What is expected — Among the entries below, only the lines from the one with "Canon EF-S 60mm" through the one with "Les Vietnamiens dans" are to be retyped, exactly and without pictures.

*** Records supplied ***

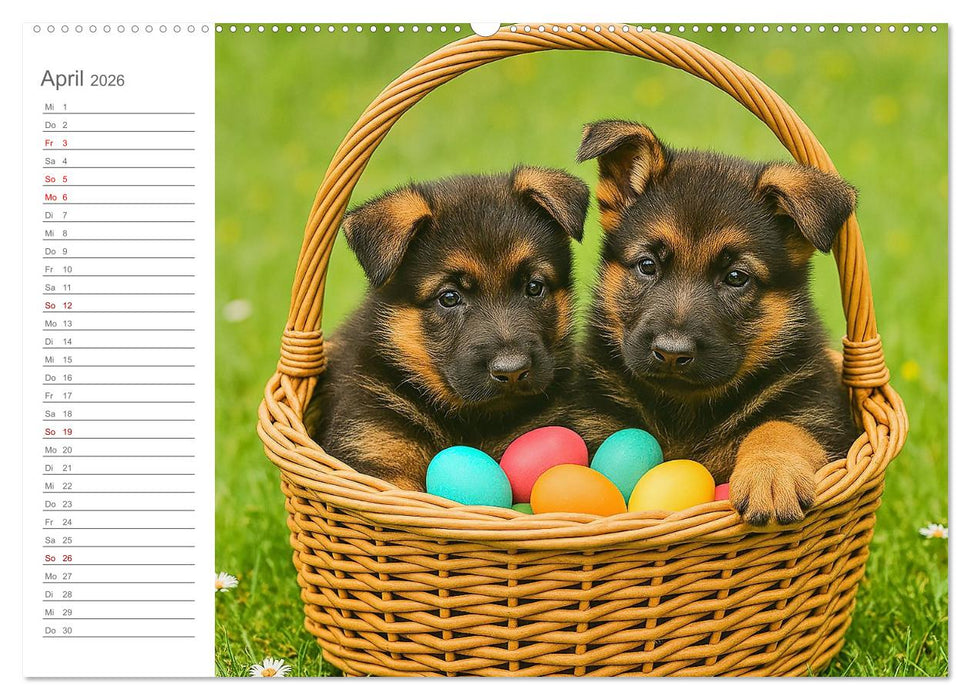 Schäferhundliebe - Deine tägliche Dosis Welpenfreude – ganz ohne Gassi. (CALVENDO Wandkalender 2026)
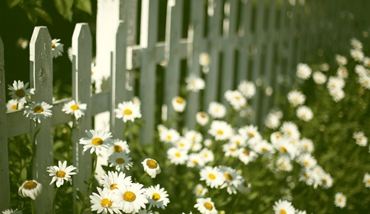 APP開發_微信商城開發_網站建設_公眾號運營_微信推廣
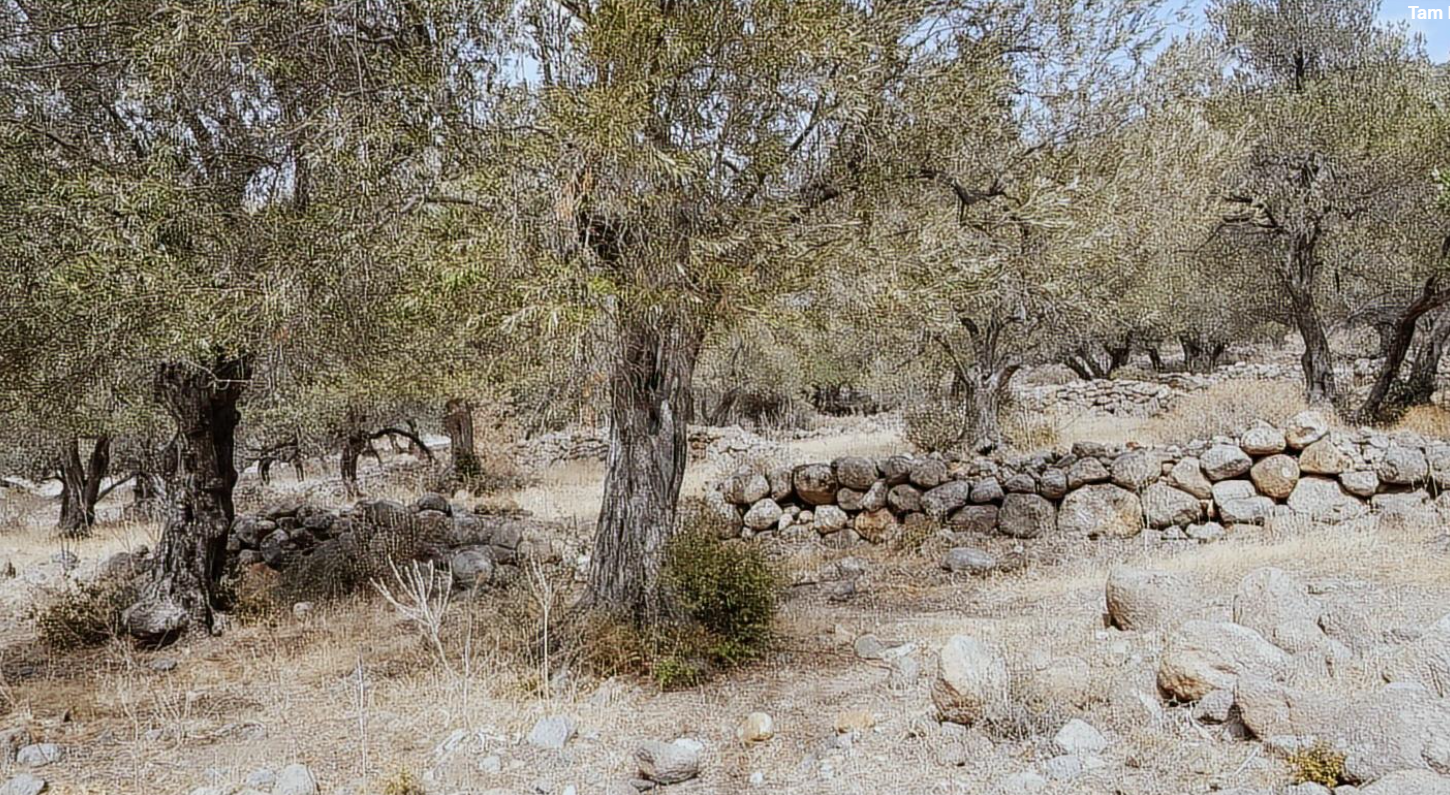 Dikili Denizköy'de Villa İmarlı, Zeytin Ağaçlı, Denize Yürüme Mesafesinde Emsalsiz Arsa!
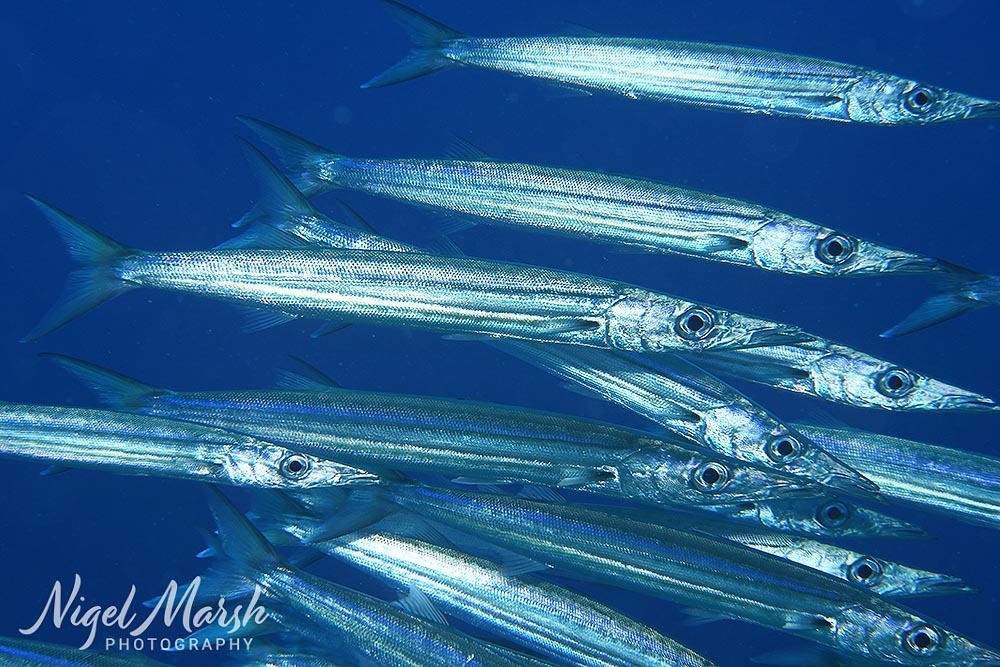 Heller's Barracuda
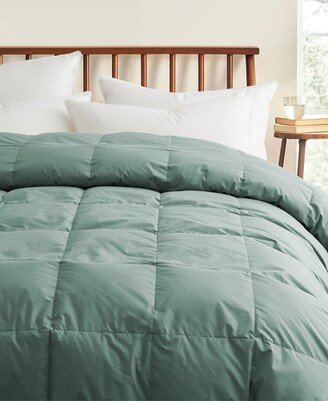 All Season 300 Thread Count Cotton Down Fiber Comforter, Full/Queen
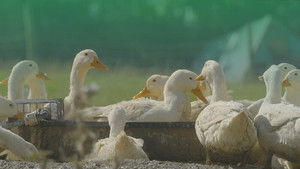 De pekingeenden van Gelderland
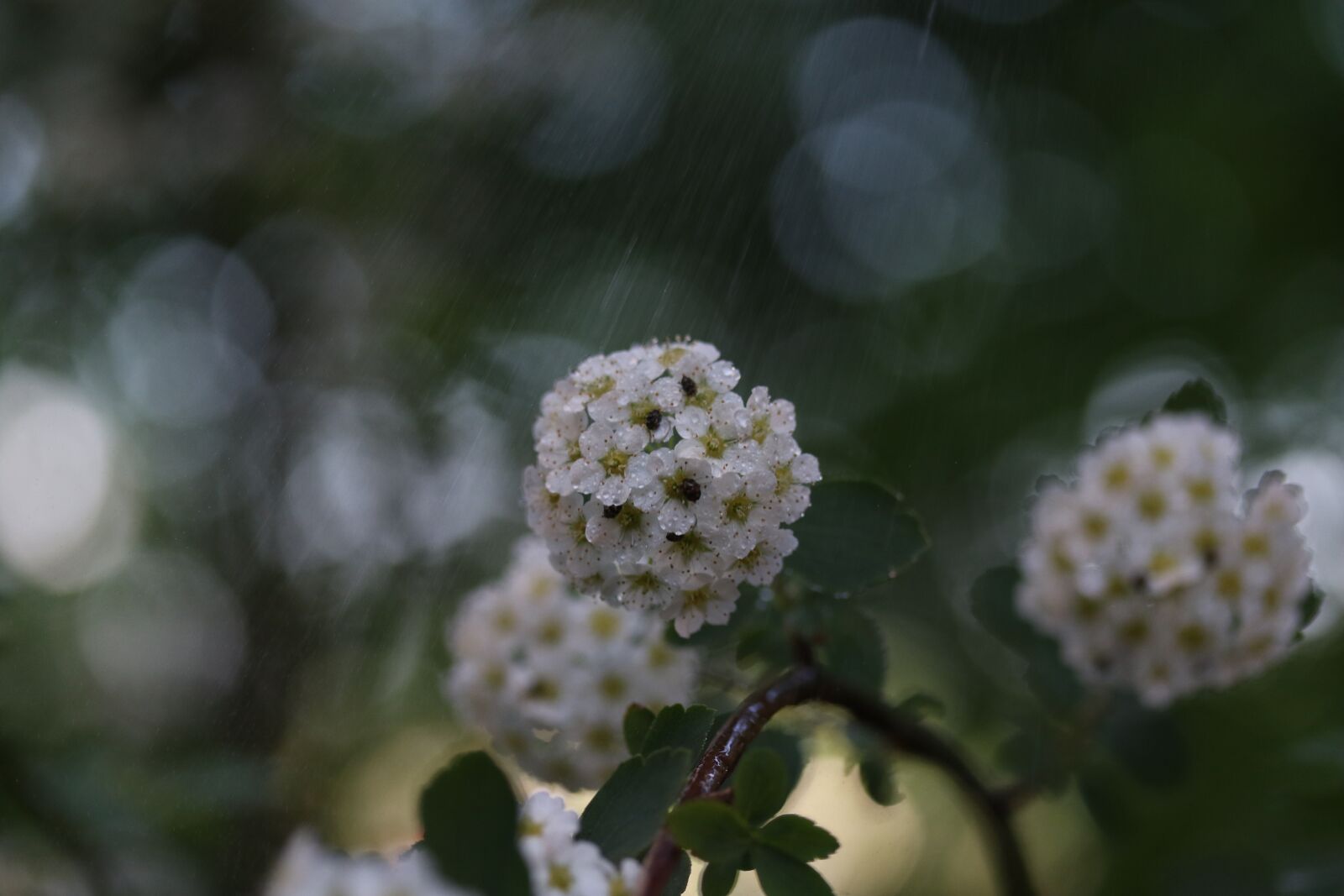 Canon EF-S 60mm F2.8 Macro USM sample photo. Flower, tree, spring photography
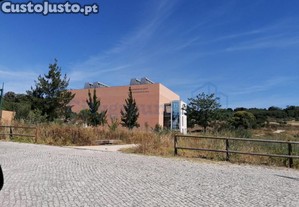 imagem_21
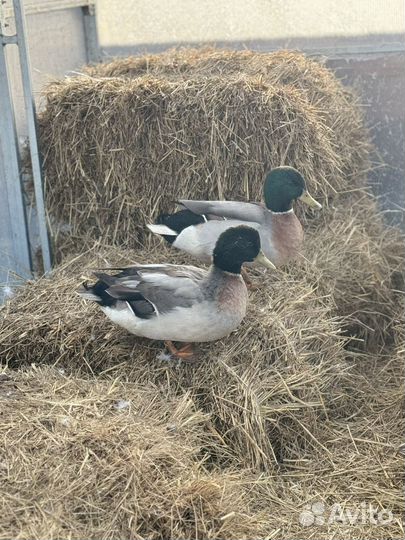 Утка подсадная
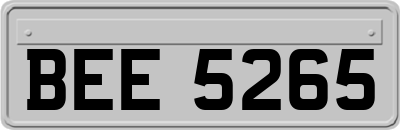 BEE5265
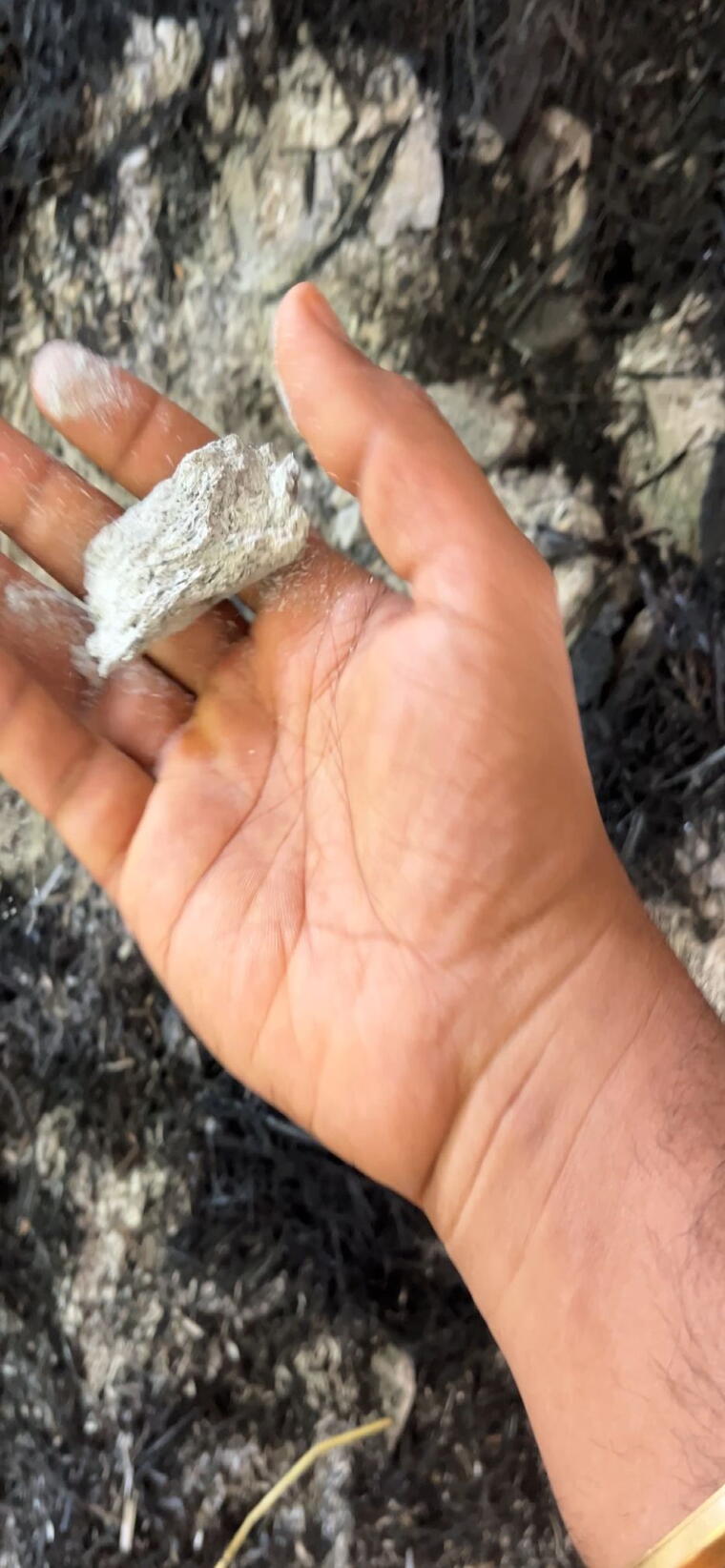 சுத்தமான கோ திருநீறு Pure viboothi 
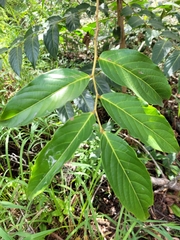 Glochidion sumatranum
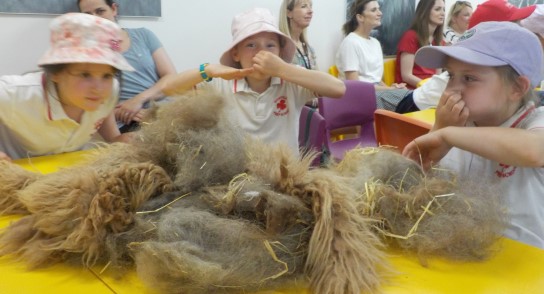 Prep 2 Go Wild! Pupils visited The Yorkshire Wildlife Park where they handled camel fur and other animal exhibits to enhance their Science work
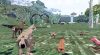 meadow_original_3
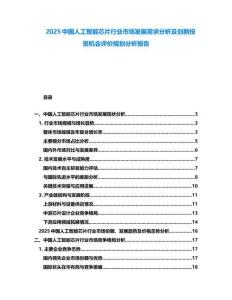 2025中國人工智能芯片行業(yè)市場發(fā)展需求分析及創(chuàng)新投資機會評價規(guī)劃分析報告
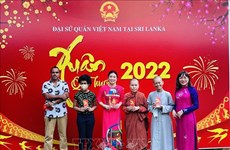 Les Vietnamiens dans plusieurs pays fêtent le Têt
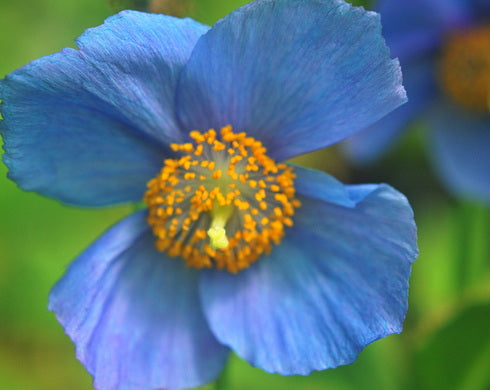 A close-up photograph of a single blue flower with five petals and a bright yellow-orange center, set against a soft green blurred background.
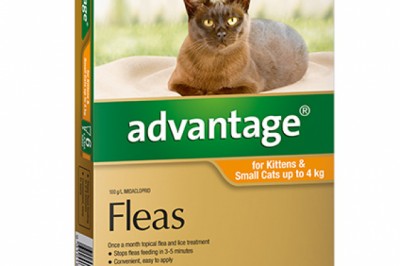 Buy Advantage Flea Control Treatment For Cats Online - DiscountPetCare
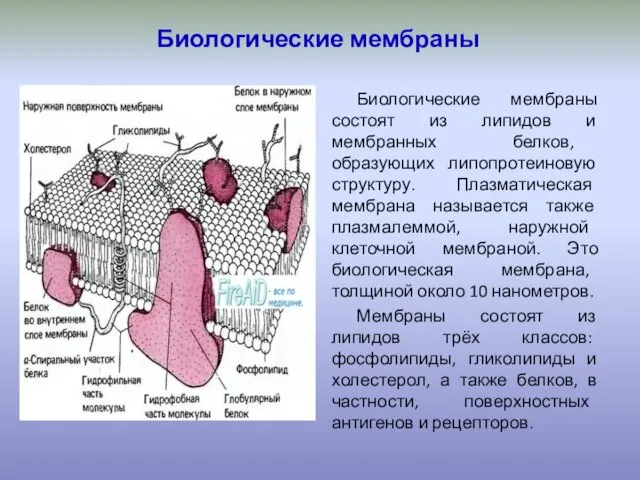 Биологические мембраны Биологические мембраны состоят из липидов и мембранных белков, образующих липопротеиновую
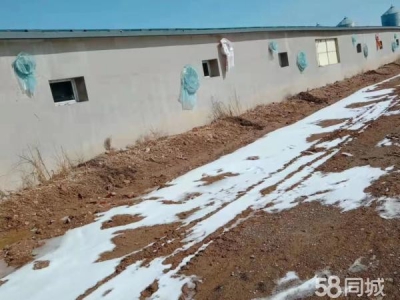 宾县宾县城区育肥猪场厂房出售图1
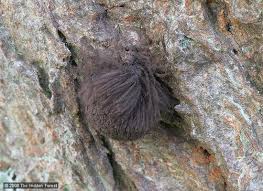 Attēlu rezultāti vaicājumam “Stemonitis virginiensis spores”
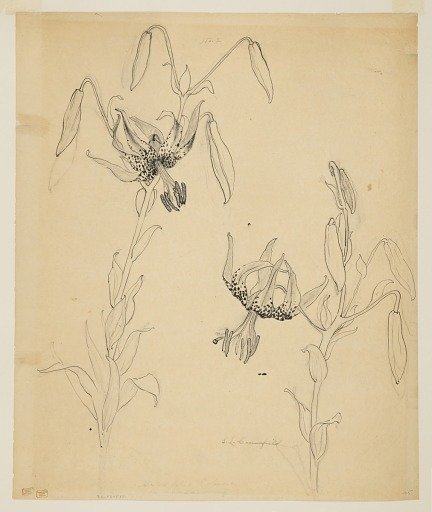 Study of Tiger Lilies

***

Answer box —
 Canon EF-S 60mm F2.8 Macro USM sample photo. Flower, tree, spring photography
 imagem_21
 Утка подсадная
 BEE5265
 சுத்தமான கோ திருநீறு Pure viboothi 
 Glochidion sumatranum
 Prep 2 Go Wild! Pupils visited The Yorkshire Wildlife Park where they handled camel fur and other animal exhibits to enhance their Science work
 meadow_original_3
 2025中國人工智能芯片行業(yè)市場發(fā)展需求分析及創(chuàng)新投資機會評價規(guī)劃分析報告
 Les Vietnamiens dans plusieurs pays fêtent le Têt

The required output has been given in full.